→ **Exercise instructions**:
Skipping all pictures, please restate word for word the lines from the one that contains "A festive cupcake" through the last line of the entries.

[[ Supplied entries, beginning ]]

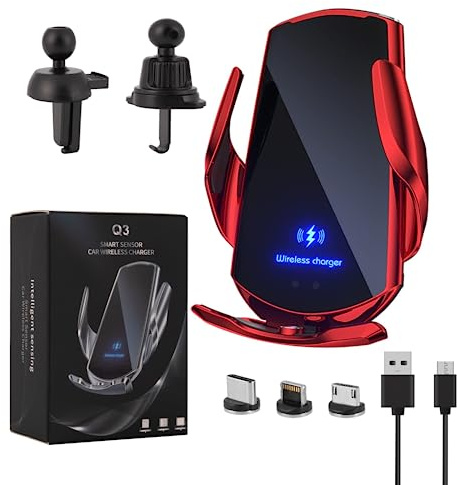 LFNOWN Wireless Car Charger Vent Mount Automotive Electric Induction 15W Wireless Charger Car Vent Mount Bracket Fast Charging Auto-Clamping Car Phone Holder Mount Air Vent Phone Holde(Red)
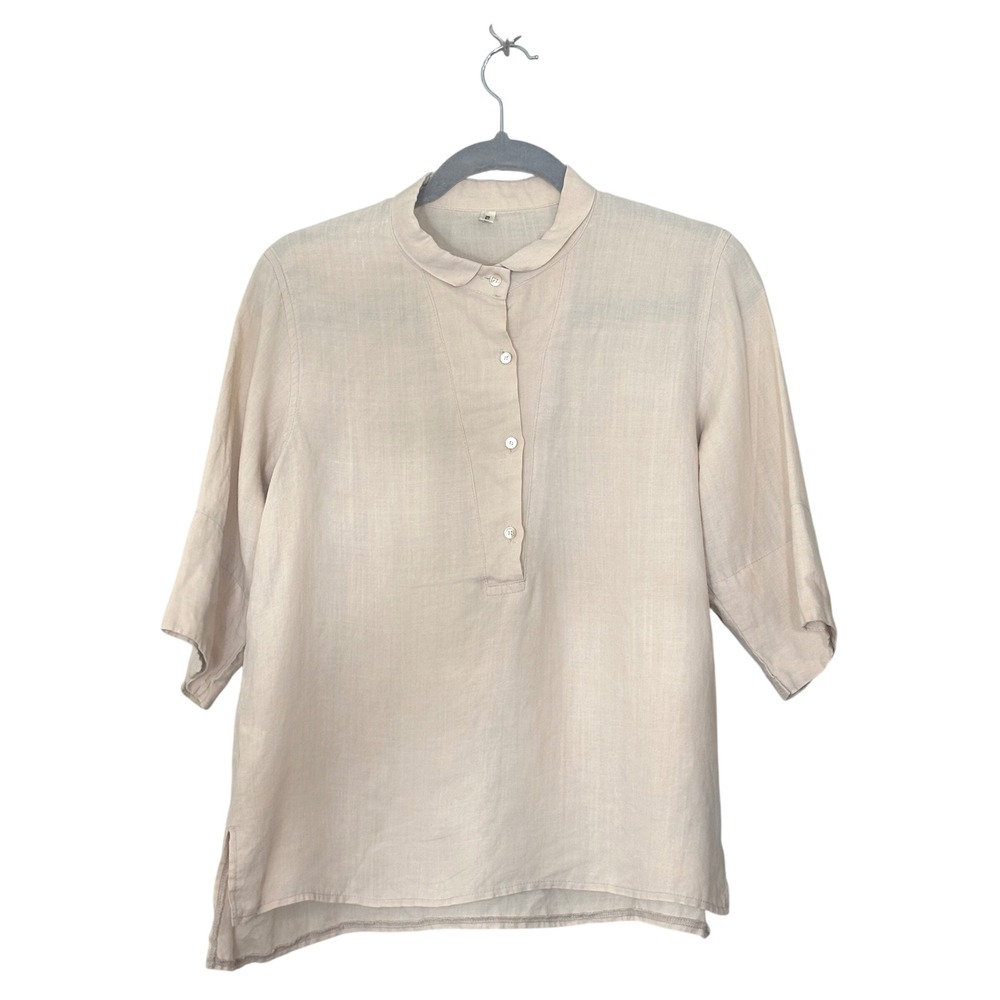 Mill Luxe Women Beige Linen Blend Henley Tunic Top Band Collar Elbow Sleeve M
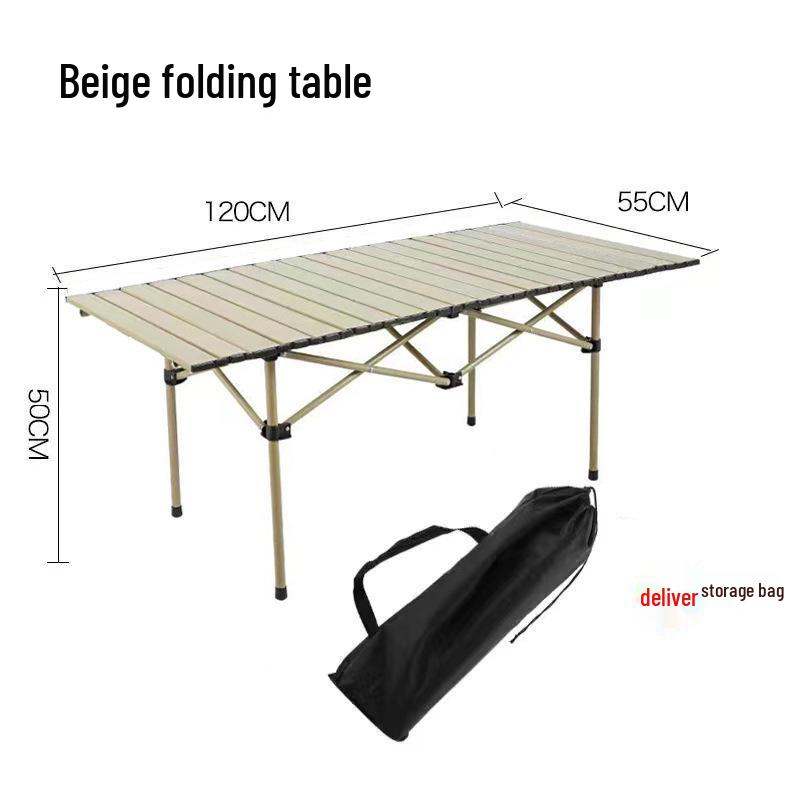 Portable Metal Roll-Up Folding Table for Camping, Picnic, and BBQ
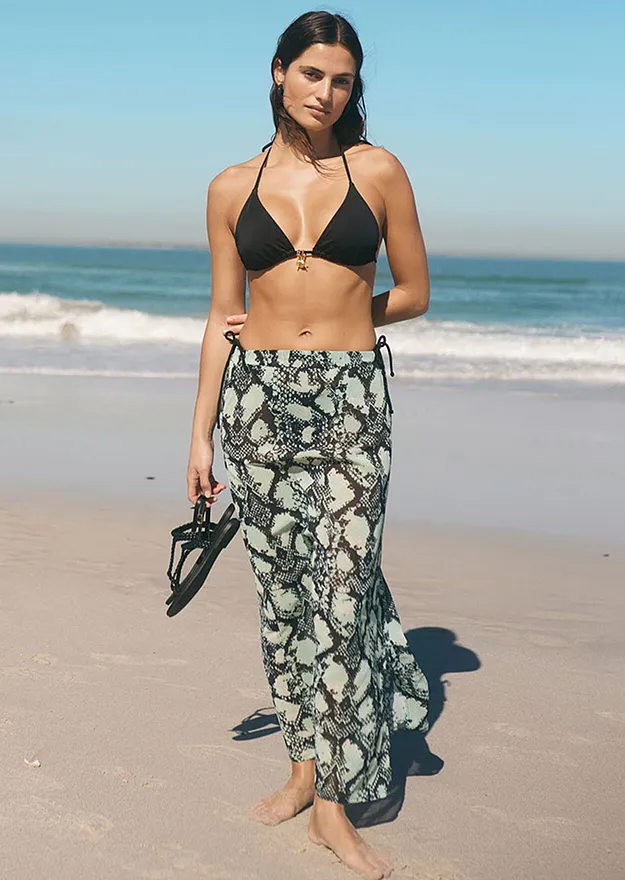 Tendance - Jupe de plage en mousseline - noir/vert menthe z&egrave;bre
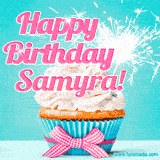 A festive cupcake with pink icing, a gingham bow, and a lit animated sparkler, paired with 'Happy Birthday Samyra!' in bright pink text.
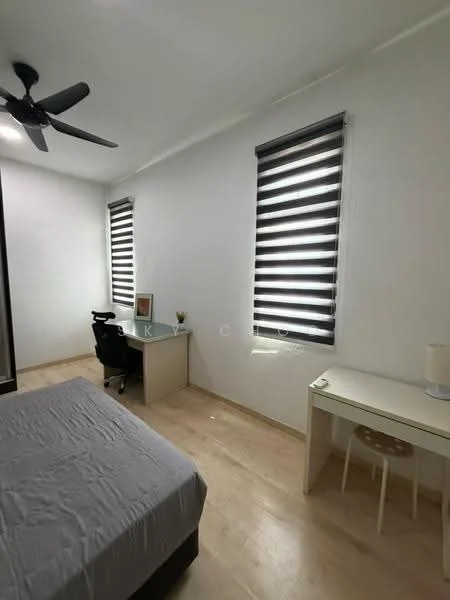 Bedroom features: queen-size bed with grey bedding, wooden flooring, white painted walls, ceiling fan, roller blinds on windows, study desk with chair, decorative plant on desk, table lamp, built-in wardrobe; style: modern.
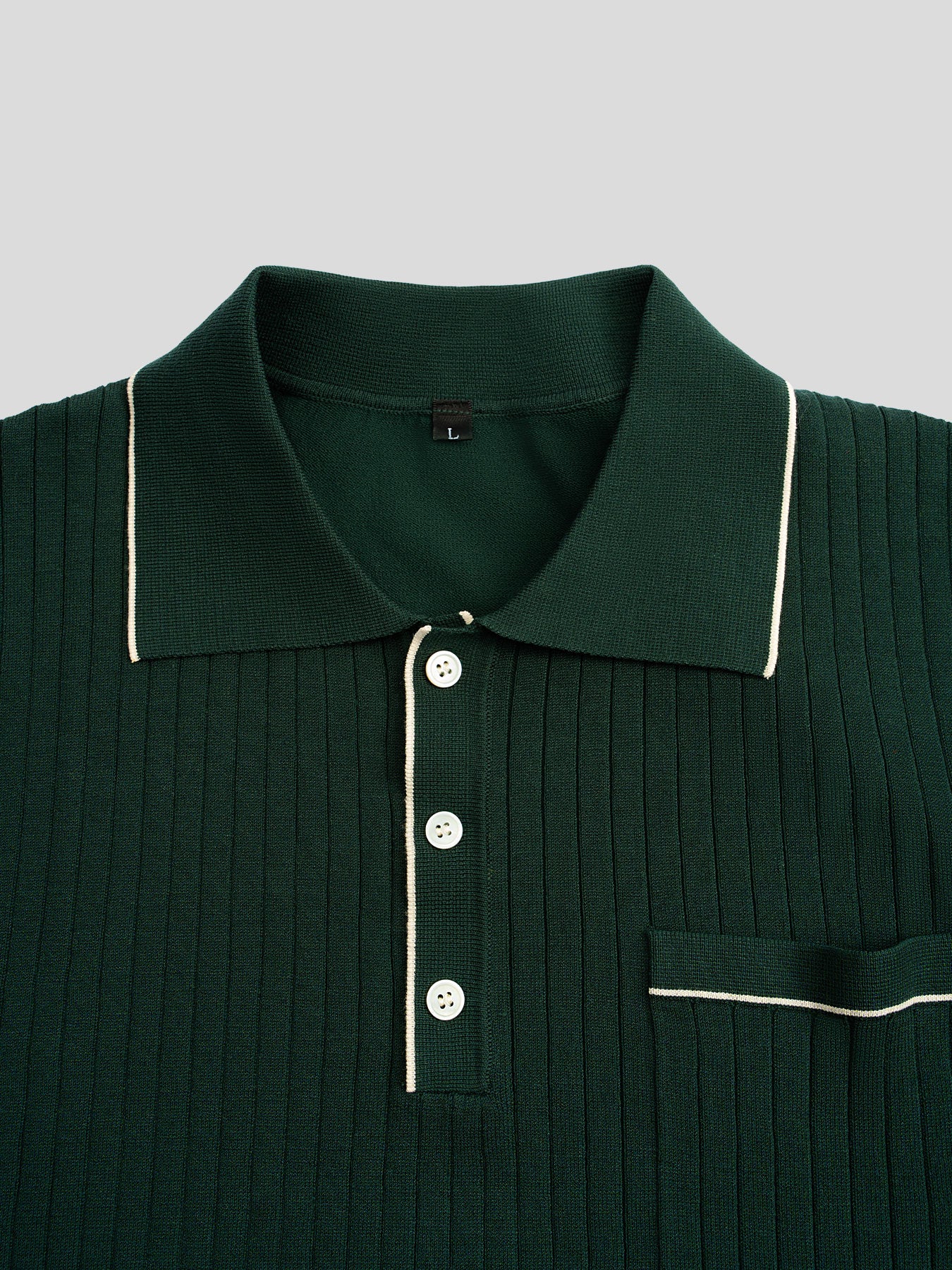 Gentletejido Contrast Color de manga corta tejidoted Polo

[[ Supplied entries, end ]]

→ **Task answer**:
 A festive cupcake with pink icing, a gingham bow, and a lit animated sparkler, paired with 'Happy Birthday Samyra!' in bright pink text.
 Bedroom features: queen-size bed with grey bedding, wooden flooring, white painted walls, ceiling fan, roller blinds on windows, study desk with chair, decorative plant on desk, table lamp, built-in wardrobe; style: modern.
 Gentletejido Contrast Color de manga corta tejidoted Polo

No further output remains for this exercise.